During the Bootcamp there were ups and downs that every designer has to go through. For me personally the synthesis and generating insights sessions were the most difficult part. While words would come out of my mouth they felt more like butterflies; wisping away what I truly meant. The goal is to come up with concise & sharp phrases that serve as a foundation for future sense-making and idea generation. Exploring this unknown territory where you follow your intuitions, with no defined right or wrong, can be disorienting. Purposefully, design strategy does not give the tools to prove or disprove designer’s prepositions at this point.
I always thought my strengths were in visuals but surprisingly during the drawing vignettes exercise I felt lost at first recognising that my drawing techniques has never changed since I was a 7-year old kid. There are three things to consider when drawing this exercise.
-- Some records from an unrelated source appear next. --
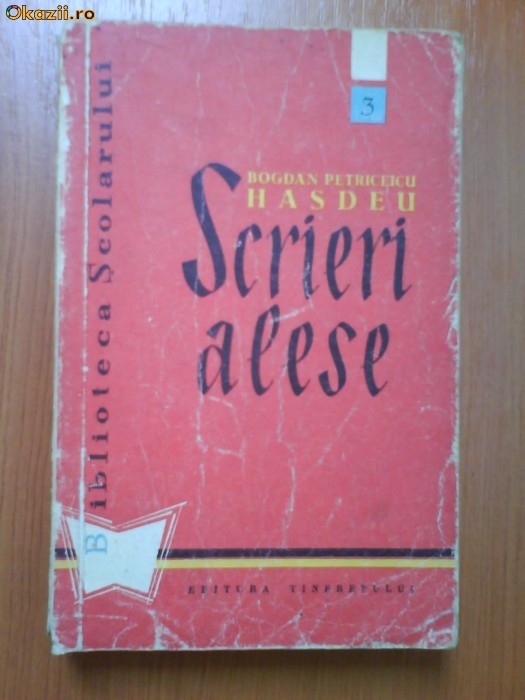 155 B.P.Hasdeu Scrieri alese 155 B.P.Hasdeu Scrieri alese
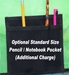 Optional Pencil / Notepad pocket for ICS vest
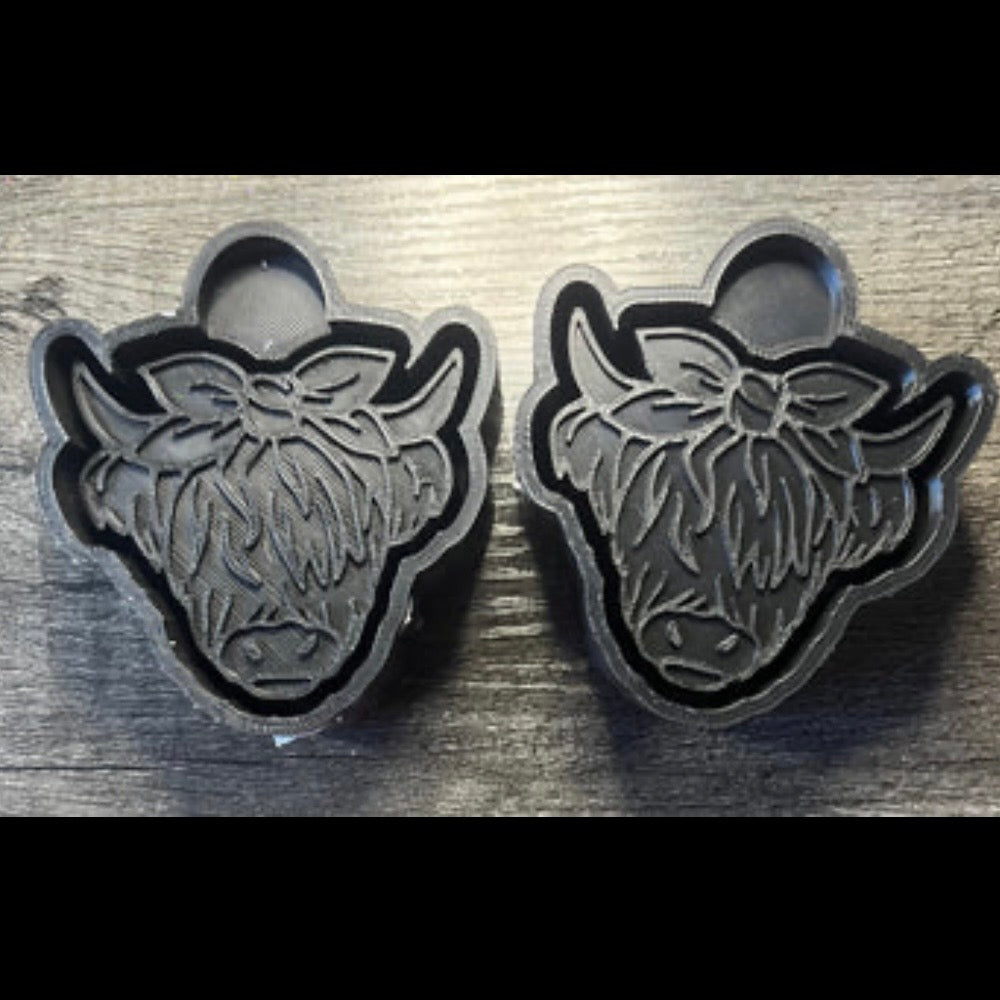 Highland Cow / Vent Clip Pair - Freshie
The first is how to pick the subject matter so it communicates the core of your idea. Second is to keep in mind the composition choices ahead of time and the third is an amount of detail to put. My vignettes were not as effective as I expected and I hope that I can speed up my workflow in the future and become a better visual communicator at the end of the course.
I particularly enjoyed the ethnographic part of design research. It was fun to be outside in spite of 103 degrees and talk to strangers. I liked the humanity of it when you force yourself to be present, open to another individual and try not to over judge or overthink what is happening in front of your eyes. I also found that idea generation is not as difficult. It is exhausting sometimes but stretches you in a good way letting you think of every existing technology and cultural experiences to provide a context and get an inspiration for a next idea.
Overall, I feel inspired to continue to explore what it means to see and think like a designer. I hope that this coming year will be challenging and productive so I can grow professionally and personally.